Financial institutions, over time, have proven adaptable. With layers of regulatory scrutiny embedded in the financial industry, and current day consumer demands adaptability has proven necessary for survival.
Traditionally, financial institutions required physical branches to extend their reach. Due to timely advancements, and thanks to the digital acceleration induced by the pandemic, that’s no longer the case. Amid the great shift that has forced financial institutions to address their digital inadequacies, partnerships have taken shape to offer the experiences that consumers have come to expect.
The term fintech (financial technology) usually leads consumers to think of services like snapshot mobile deposits, budget management on the go, and convenient tap to pay options. But the fintech reach goes far beyond convenient mobile applications, their offerings range from AI-enhanced chat bots to compliance software and more.
Adherence to banking regulations help to ensure transparency between financial institutions and their consumers which is where risk reduction through accountability and the resulting consumer satisfaction thrive. In many cases, banking required accountholders to be physically present to open an account or to apply for financial services to avoid fraud such as identification theft. Yet even today, not all banks and credit unions have the technology to verify an accountholder’s identity online. Many have deep roots within legacy systems and regulatory framework that can limit their capacity for utilizing technology.
To the contrary, financial technology (Fintech) aims to automate and improve the use and delivery of financial services and products. It’s used by companies to manage finances and processes by leveraging software. The focus has since shifted to include the consumer. Fintech is used in a variety of capacities including retail banking, investments management, fundraising and nonprofit, education, and financial services for individuals. The development of cryptocurrencies like bitcoin also came from fintech. The fintech industry is often perceived as riskier than standard banking due to its novelty. Because the advancements in fintech are ever-evolving so too are the developments in regulations. Yet consumers still gravitate to these options that offer a faster, more innovative, and user-friendly experience.
While there’s no anticipation for a complete switch from traditional banking to fintech, there is a greater certainty for collaboration. This type of collaboration can make a larger and more advantageous impact. Fintech equips the financial industry with tools that improves banking efficiencies more than ever before. Financial institutions are using tools like AI chatbots to enhance customer experience, AML software, mobile apps to give customers real-time insights into their bank accounts and machine learning to secure against fraud.

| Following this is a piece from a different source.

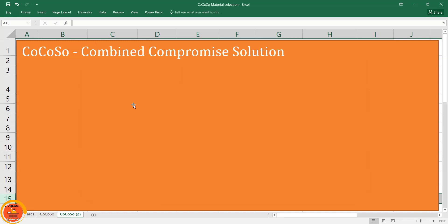In this video I am going to discuss the Combined Compromise Solution (CoCoSo) MADM method. This method was developed by Yazdani and team in the year 2018. This method talks about the compromise solution, which is a feasible solution that is closest to the ideal solution and also means an agreement established between the mutual connections of the solution.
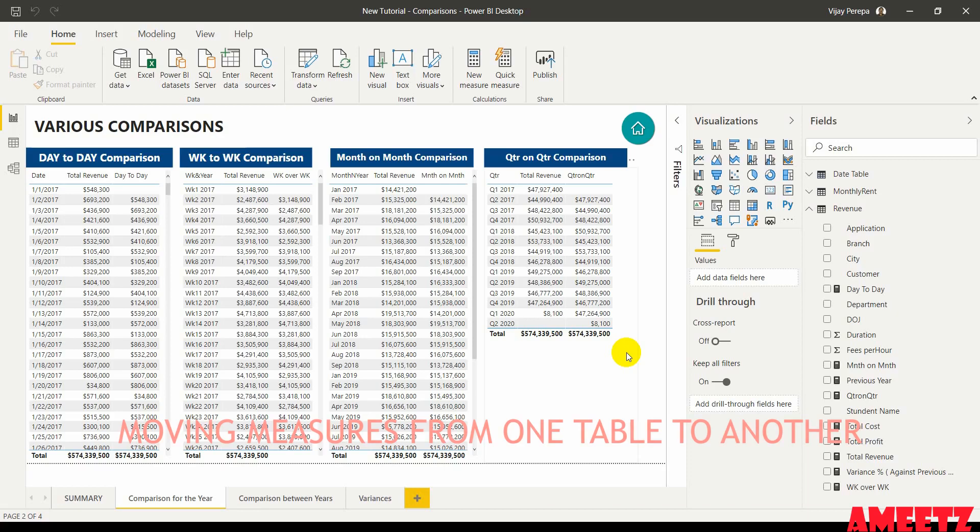In many training programs I have noticed participants create measures within the query table along with the regular data fields. That may not be the good practice.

According to Cornerstone advisors, 54% of FIs will launch faster payments in the next 2 years. Cornerstone also shared, that between 2019 and 2022, the overall importance of fintech partnerships jumped from 49% to 89%.
Traditional banking benefits from both the innovation and agility of fintech. Because of size, consumer loyalty, and established network including conventional banking regulations, financial institutions have the opportunity to boost confidence in adoptability of up-and-coming financial technology.
Fintech and FI Collaboration Benefits:
- Revenue/market growth: By merging their respective consumer base, whether through joint ventures, alliances, or acquisitions, financial institutions and fintechs can experience growth for the future.
- Infrastructure: To transfer money to an account or process payments, fintechs leverage existing payment channels of traditional financial institutions. In turn, this allows financial institutions to meet the technological demands and improve the user experience.
- Agility: The banking industry has often been preoccupied with improvised digitization. This cumbersome patchwork resolution increases internal efforts around orchestration, risk mitigation, costs and inevitable failures that could create exposure to major risks like consumer friction and downtime, security breaches, and delay in reporting and filing.
- Intelligence: New opportunities designed to generate insights are breaking down silos in banking’s internal structures. With the exponential rise in available data and increasing adoption of new technologies to query, process, analyze, and extract business insights, financial institutions are leveraging these opportunities to reduce cycle times of manual manipulation, reconciliation, and validation. Reduced touch times allow these insights to be reported and acted on sooner for business growth, regulation compliance, and meeting consumer expectation.
The financial sector continues to evolve and remaining competitive as well as compliant in this ever-changing environment is no simple task. Financial institutions are undertaking transformation efforts from complex and archaic systems to more agile operations and creating more efficient compliance processes that help navigate a dynamic regulatory environment.
The right solutions for a proper fintech and financial institution collaboration should offer a personalized online platform with quality payment, billing and disbursement capabilities for your consumers and delivers the latest standards for reliability, security and compliance.